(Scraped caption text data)
=== Begin Enclosure ===
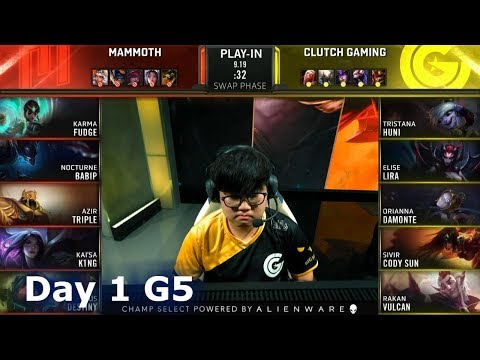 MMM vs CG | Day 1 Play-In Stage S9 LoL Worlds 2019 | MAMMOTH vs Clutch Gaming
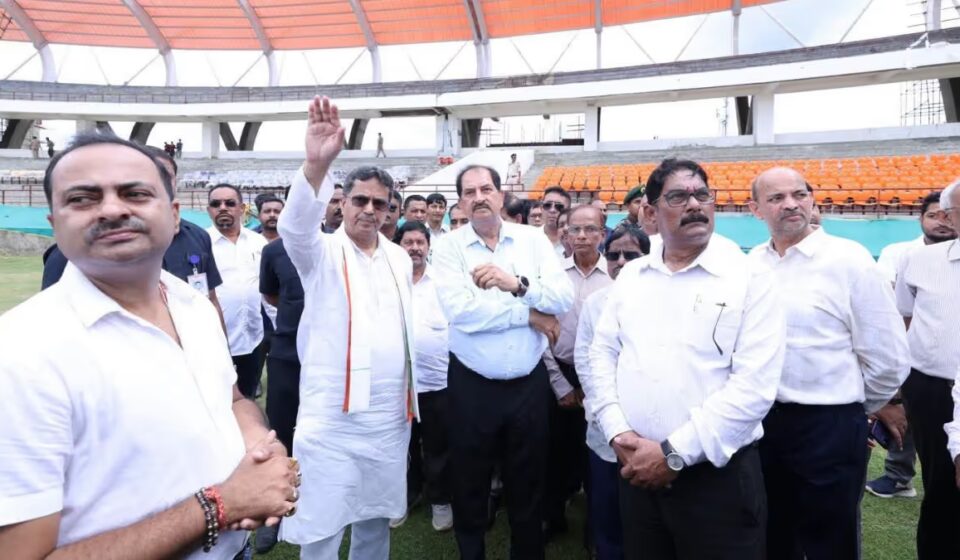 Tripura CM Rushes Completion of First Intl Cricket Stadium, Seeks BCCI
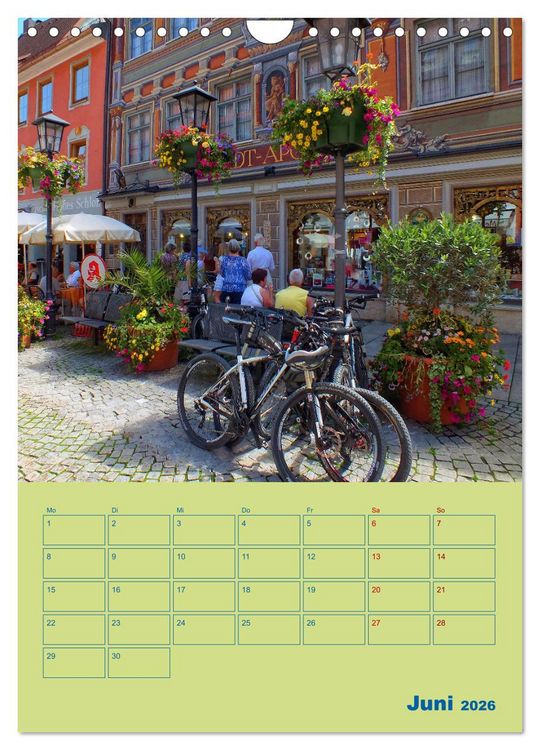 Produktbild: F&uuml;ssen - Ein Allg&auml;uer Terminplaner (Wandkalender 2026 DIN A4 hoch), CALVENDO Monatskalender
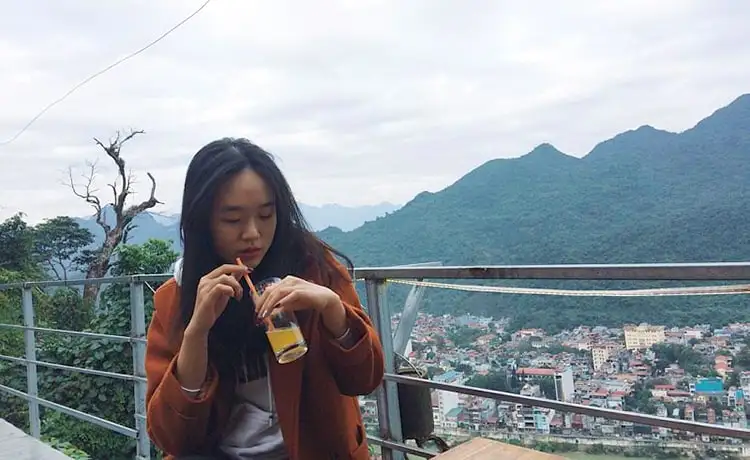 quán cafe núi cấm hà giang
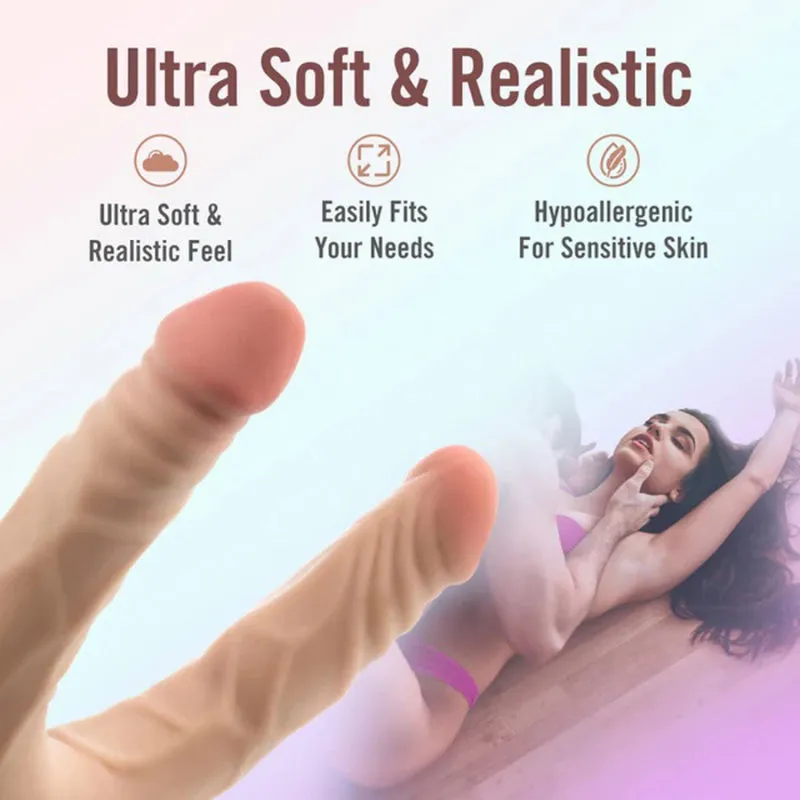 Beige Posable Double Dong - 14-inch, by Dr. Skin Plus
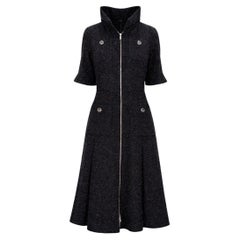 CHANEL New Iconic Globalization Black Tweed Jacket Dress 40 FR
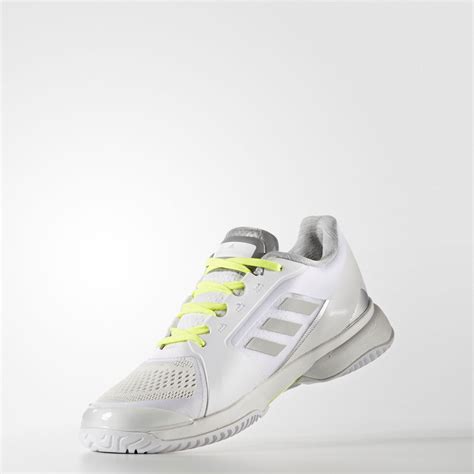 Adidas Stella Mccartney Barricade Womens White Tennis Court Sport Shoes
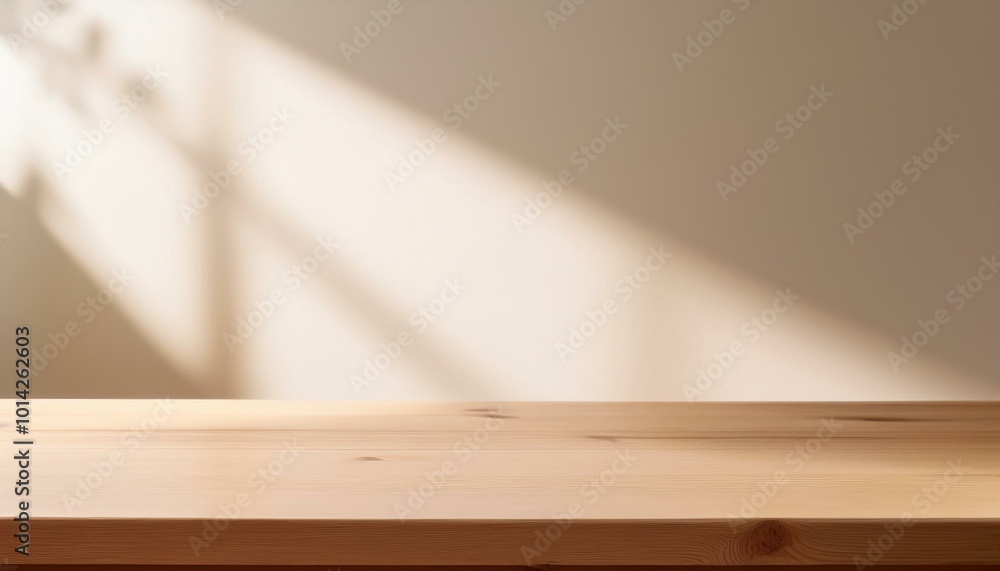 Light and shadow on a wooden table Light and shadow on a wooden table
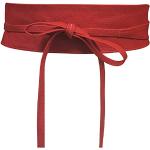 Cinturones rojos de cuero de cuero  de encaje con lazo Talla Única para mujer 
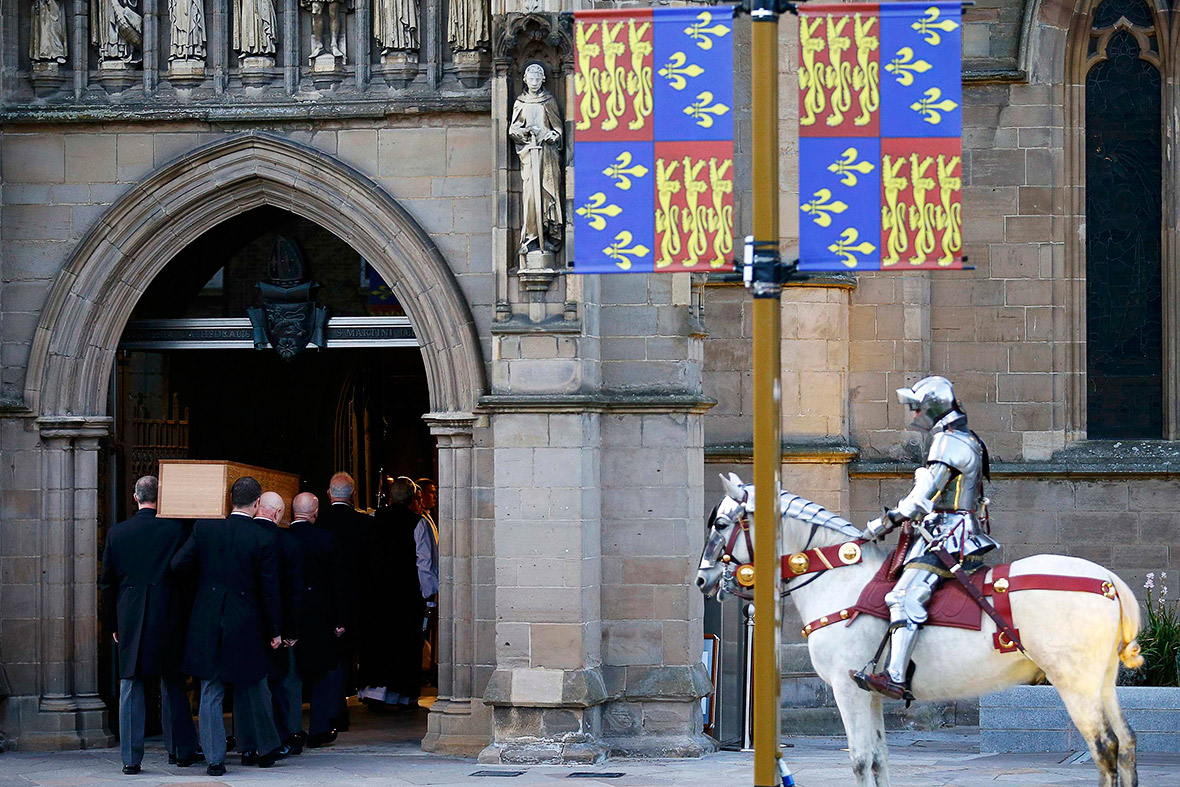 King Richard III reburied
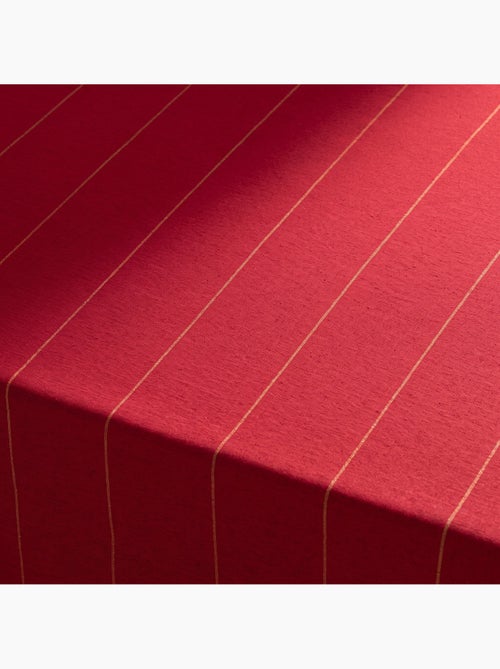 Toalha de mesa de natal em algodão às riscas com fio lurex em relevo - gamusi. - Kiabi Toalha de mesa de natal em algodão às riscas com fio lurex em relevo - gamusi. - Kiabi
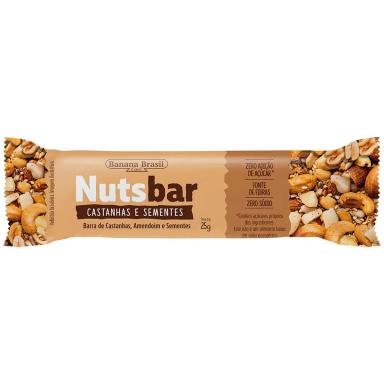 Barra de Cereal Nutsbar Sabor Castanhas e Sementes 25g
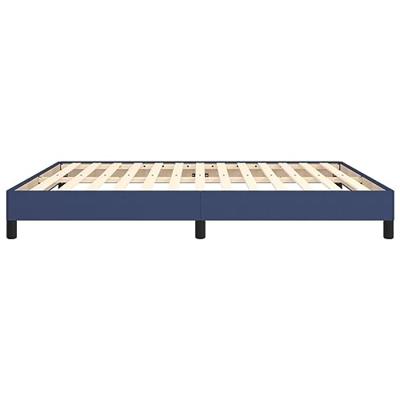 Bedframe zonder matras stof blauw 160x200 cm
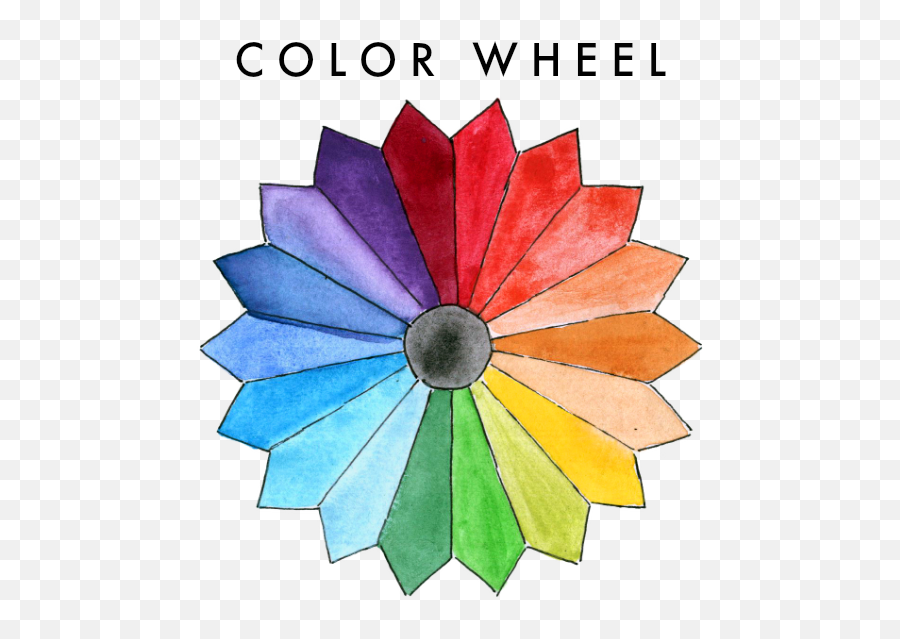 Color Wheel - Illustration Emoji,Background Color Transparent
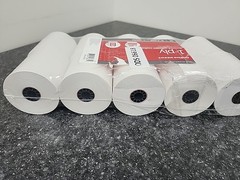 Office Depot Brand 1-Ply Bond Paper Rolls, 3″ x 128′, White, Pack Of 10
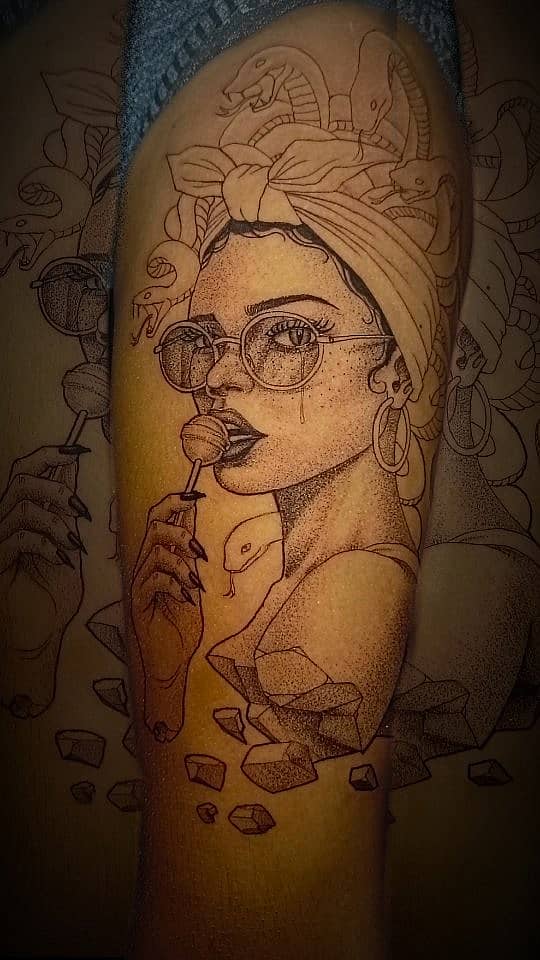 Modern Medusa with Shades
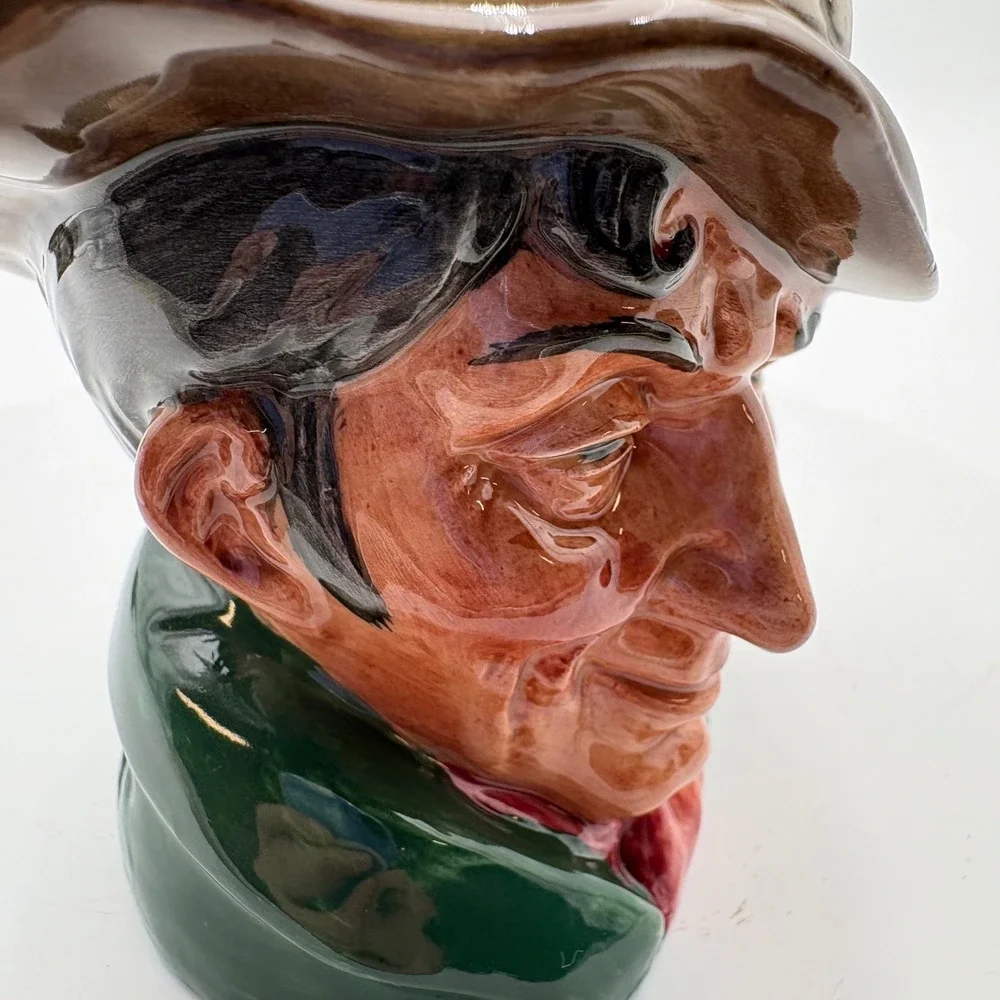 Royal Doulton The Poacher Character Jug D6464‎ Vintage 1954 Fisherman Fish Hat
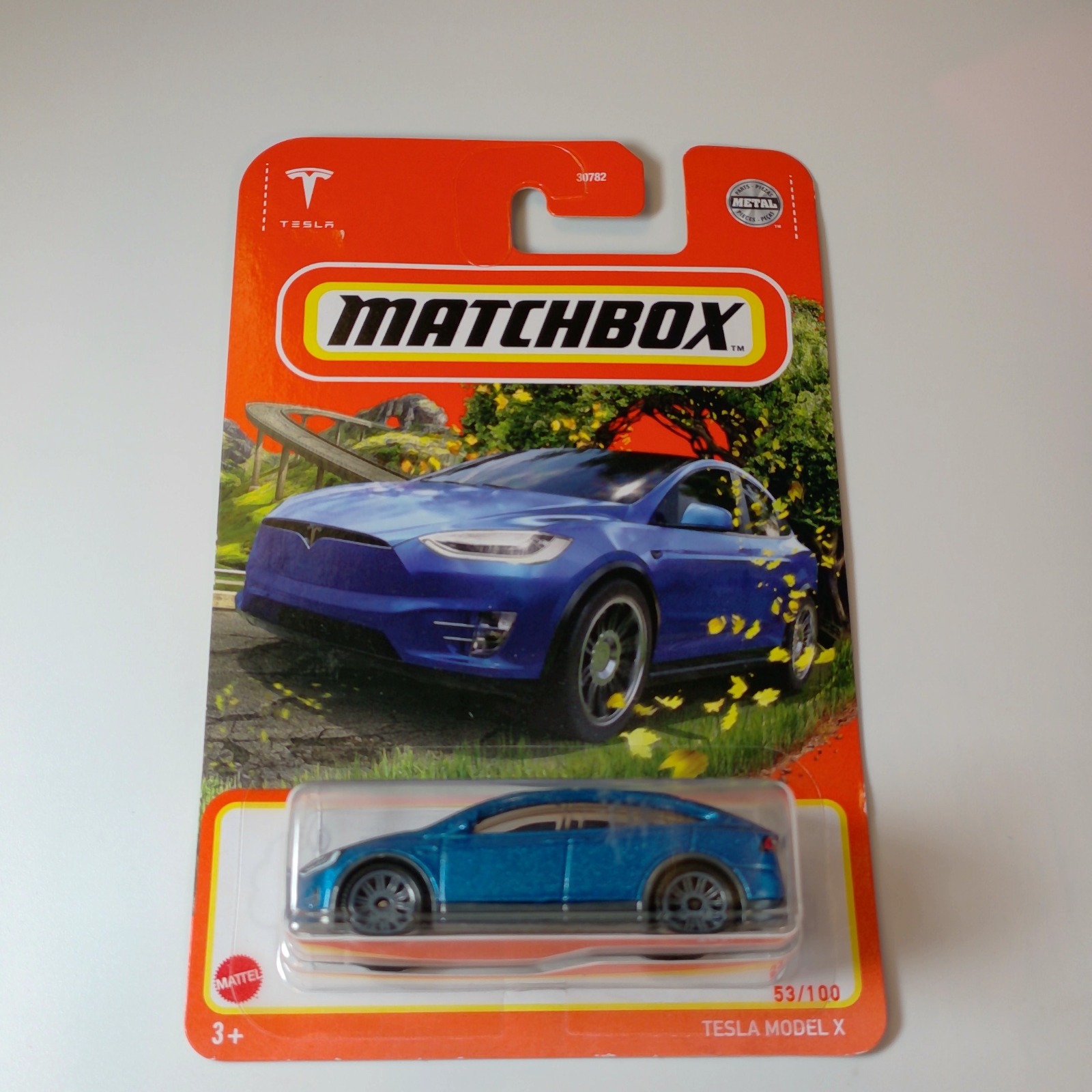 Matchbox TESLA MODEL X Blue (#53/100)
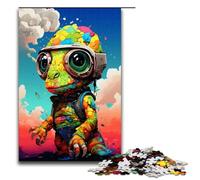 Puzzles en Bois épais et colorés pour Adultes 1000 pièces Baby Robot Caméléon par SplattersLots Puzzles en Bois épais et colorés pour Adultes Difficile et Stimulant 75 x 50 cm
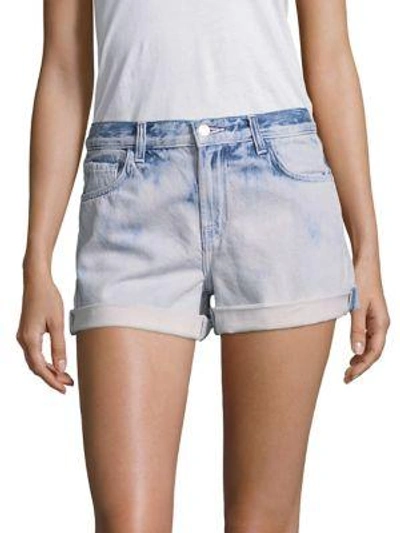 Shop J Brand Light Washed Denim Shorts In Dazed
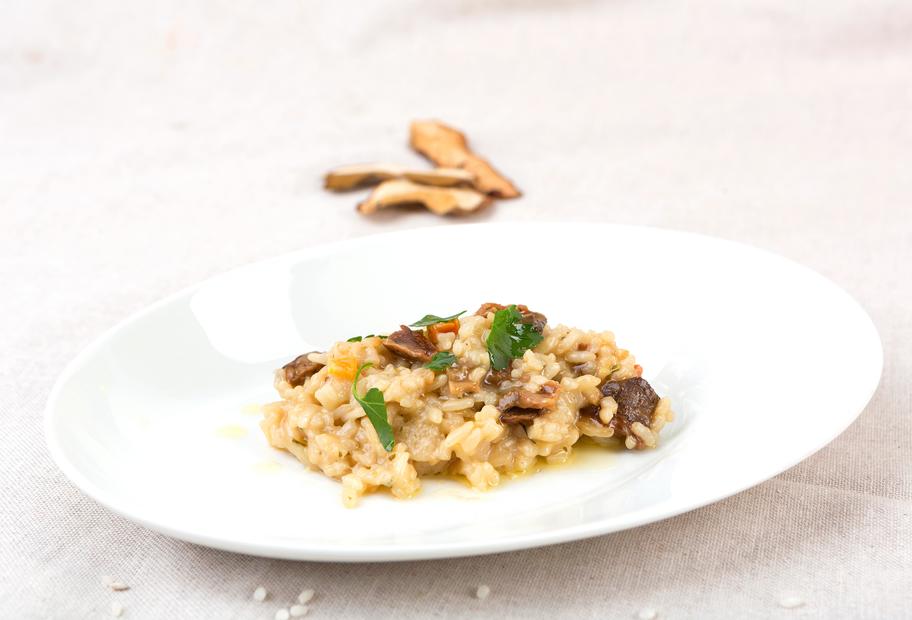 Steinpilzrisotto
=== End Enclosure ===
#### Exercise brief
Faithful copy, images left out: write out every line of data.

#### Output of the exercise
 MMM vs CG | Day 1 Play-In Stage S9 LoL Worlds 2019 | MAMMOTH vs Clutch Gaming
 Tripura CM Rushes Completion of First Intl Cricket Stadium, Seeks BCCI
 Produktbild: F&uuml;ssen - Ein Allg&auml;uer Terminplaner (Wandkalender 2026 DIN A4 hoch), CALVENDO Monatskalender
 quán cafe núi cấm hà giang
 Beige Posable Double Dong - 14-inch, by Dr. Skin Plus
 CHANEL New Iconic Globalization Black Tweed Jacket Dress 40 FR
 Adidas Stella Mccartney Barricade Womens White Tennis Court Sport Shoes
 Light and shadow on a wooden table Light and shadow on a wooden table
 Cinturones rojos de cuero de cuero  de encaje con lazo Talla Única para mujer 
 King Richard III reburied
 Toalha de mesa de natal em algodão às riscas com fio lurex em relevo - gamusi. - Kiabi Toalha de mesa de natal em algodão às riscas com fio lurex em relevo - gamusi. - Kiabi
 Barra de Cereal Nutsbar Sabor Castanhas e Sementes 25g
 Bedframe zonder matras stof blauw 160x200 cm
 Color Wheel - Illustration Emoji,Background Color Transparent
 Office Depot Brand 1-Ply Bond Paper Rolls, 3″ x 128′, White, Pack Of 10
 Modern Medusa with Shades
 Royal Doulton The Poacher Character Jug D6464‎ Vintage 1954 Fisherman Fish Hat
 Matchbox TESLA MODEL X Blue (#53/100)
 Puzzles en Bois épais et colorés pour Adultes 1000 pièces Baby Robot Caméléon par SplattersLots Puzzles en Bois épais et colorés pour Adultes Difficile et Stimulant 75 x 50 cm
 Shop J Brand Light Washed Denim Shorts In Dazed
 Steinpilzrisotto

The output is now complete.